Stored data entries
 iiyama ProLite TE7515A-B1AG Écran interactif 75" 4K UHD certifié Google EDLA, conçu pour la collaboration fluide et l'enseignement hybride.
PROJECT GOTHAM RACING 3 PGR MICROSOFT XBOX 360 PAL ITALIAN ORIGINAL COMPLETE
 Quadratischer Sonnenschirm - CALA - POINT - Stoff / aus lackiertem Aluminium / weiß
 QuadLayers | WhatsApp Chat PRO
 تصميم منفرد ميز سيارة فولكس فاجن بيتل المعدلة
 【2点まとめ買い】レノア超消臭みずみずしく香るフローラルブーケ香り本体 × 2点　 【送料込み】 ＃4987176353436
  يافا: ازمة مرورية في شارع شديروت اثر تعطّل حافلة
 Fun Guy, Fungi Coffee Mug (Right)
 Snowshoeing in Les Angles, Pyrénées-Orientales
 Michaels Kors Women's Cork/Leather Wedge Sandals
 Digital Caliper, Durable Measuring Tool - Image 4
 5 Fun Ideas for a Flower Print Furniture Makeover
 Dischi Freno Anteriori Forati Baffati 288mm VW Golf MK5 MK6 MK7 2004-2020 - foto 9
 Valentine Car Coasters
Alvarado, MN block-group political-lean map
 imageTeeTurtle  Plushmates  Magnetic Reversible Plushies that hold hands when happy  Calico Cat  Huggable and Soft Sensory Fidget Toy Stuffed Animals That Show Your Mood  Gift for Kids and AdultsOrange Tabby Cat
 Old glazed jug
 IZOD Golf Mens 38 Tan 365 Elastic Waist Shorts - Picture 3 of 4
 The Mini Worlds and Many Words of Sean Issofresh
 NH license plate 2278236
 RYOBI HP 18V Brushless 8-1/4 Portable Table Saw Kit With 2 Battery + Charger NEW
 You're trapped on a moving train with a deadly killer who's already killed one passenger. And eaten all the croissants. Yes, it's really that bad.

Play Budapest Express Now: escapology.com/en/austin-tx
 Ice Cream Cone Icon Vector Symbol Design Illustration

What is expected ->
Reproduce the entries above in full and exactly.

Written reply ->
 iiyama ProLite TE7515A-B1AG Écran interactif 75" 4K UHD certifié Google EDLA, conçu pour la collaboration fluide et l'enseignement hybride.
PROJECT GOTHAM RACING 3 PGR MICROSOFT XBOX 360 PAL ITALIAN ORIGINAL COMPLETE
 Quadratischer Sonnenschirm - CALA - POINT - Stoff / aus lackiertem Aluminium / weiß
 QuadLayers | WhatsApp Chat PRO
 تصميم منفرد ميز سيارة فولكس فاجن بيتل المعدلة
 【2点まとめ買い】レノア超消臭みずみずしく香るフローラルブーケ香り本体 × 2点　 【送料込み】 ＃4987176353436
  يافا: ازمة مرورية في شارع شديروت اثر تعطّل حافلة
 Fun Guy, Fungi Coffee Mug (Right)
 Snowshoeing in Les Angles, Pyrénées-Orientales
 Michaels Kors Women's Cork/Leather Wedge Sandals
 Digital Caliper, Durable Measuring Tool - Image 4
 5 Fun Ideas for a Flower Print Furniture Makeover
 Dischi Freno Anteriori Forati Baffati 288mm VW Golf MK5 MK6 MK7 2004-2020 - foto 9
 Valentine Car Coasters
Alvarado, MN block-group political-lean map
 imageTeeTurtle  Plushmates  Magnetic Reversible Plushies that hold hands when happy  Calico Cat  Huggable and Soft Sensory Fidget Toy Stuffed Animals That Show Your Mood  Gift for Kids and AdultsOrange Tabby Cat
 Old glazed jug
 IZOD Golf Mens 38 Tan 365 Elastic Waist Shorts - Picture 3 of 4
 The Mini Worlds and Many Words of Sean Issofresh
 NH license plate 2278236
 RYOBI HP 18V Brushless 8-1/4 Portable Table Saw Kit With 2 Battery + Charger NEW
 You're trapped on a moving train with a deadly killer who's already killed one passenger. And eaten all the croissants. Yes, it's really that bad.

Play Budapest Express Now: escapology.com/en/austin-tx
 Ice Cream Cone Icon Vector Symbol Design Illustration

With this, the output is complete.